Heureusement que le film d'Aoyama n'est pas aussi simpliste que sa déclaration d'intentions pourrait le laisser croire. Heureusement que sa construction noue et vise à dénouer des fils suffisamment emmêlés. Heureusement que ses décors et sa mise en scène ont du talent.
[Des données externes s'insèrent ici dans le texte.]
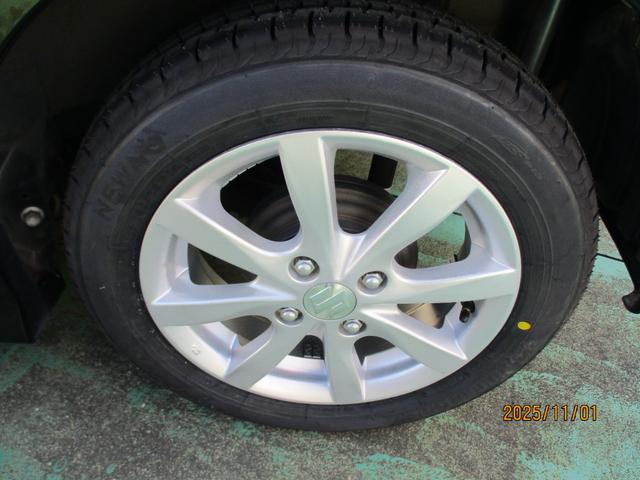 ワゴンＲスティングレー ハイブリッドＸ　ワンオーナー車・オートエアコン・プッシュスタート・フロアマット・ドアバイザー・新品タイヤ（11枚目）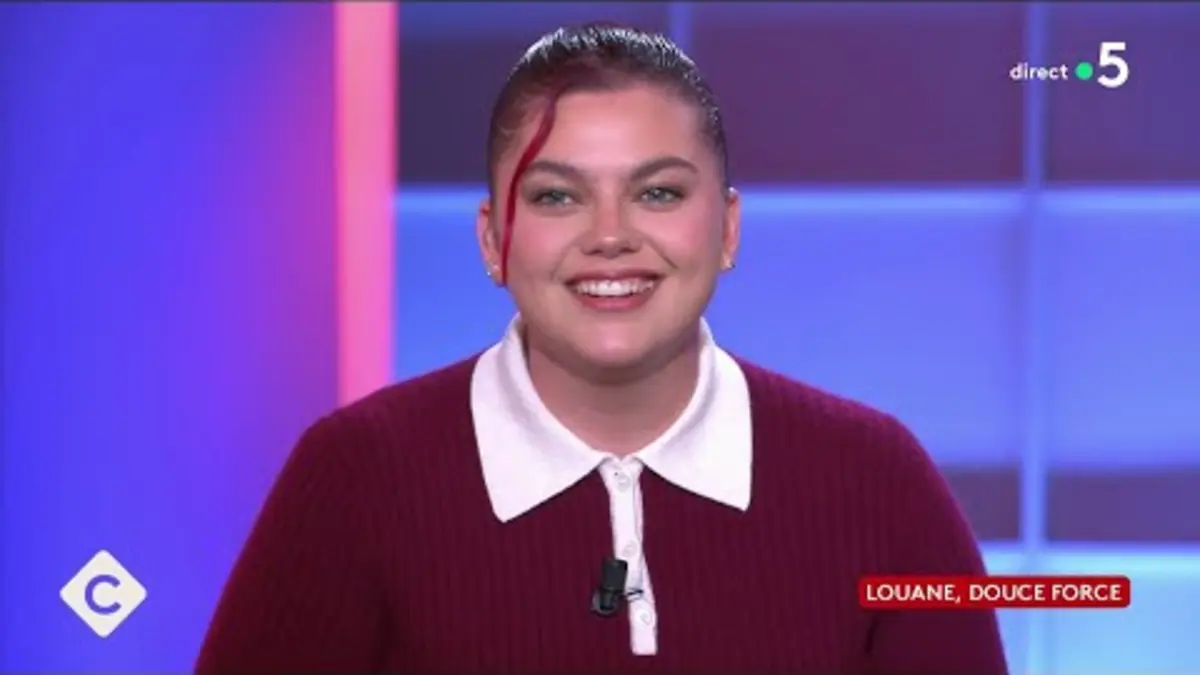 replay de Louane, pas si “solo” que ça ! - C à Vous - 28/10/2024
Voici le jeune directeur d'une start-up dont on envie la réussite (Hiroshi Mikami, acteur très populaire au Japon, qu'on a vu notamment dans « Merry Chrismas Mr Lawrence » et « Mishima »). Un de ces patrons aussi brillants que sans humanité. Et cet homme n'est pas heureux : sa femme l'a quitté en emmenant sa fille et sa société est au bord de la faillite. Voici un gigolo aux relations troubles qui ne parle que de tuer son père (peut-on rêver moins explicite dans le genre « familles, je vous hais » ?). Trois personnages, le jeune patron, l'épouse qui rêve d'une vie tranquille à la campagne, et le gigolo (qui semble porteur du message du réalisateur), qui vont s'affronter, se perdre, se retrouver.
Aoyama sait créer l'inquiétude, signifier la violence avec une relative économie de moyens. On se demande souvent où il veut en venir, malgré les formules définitives qu'il met dans la bouche de ses personnages. Il revisite un sujet rebattu avec une vigueur juvénile. Il nous offre un ange réconciliateur là où on attend un ange exterminateur.
On est loin de l'originalité créatrice et de l'inspiration quasi métaphysique d'« Eureka » mais on retrouve les qualités d'un auteur qu'on a toujours envie de suivre.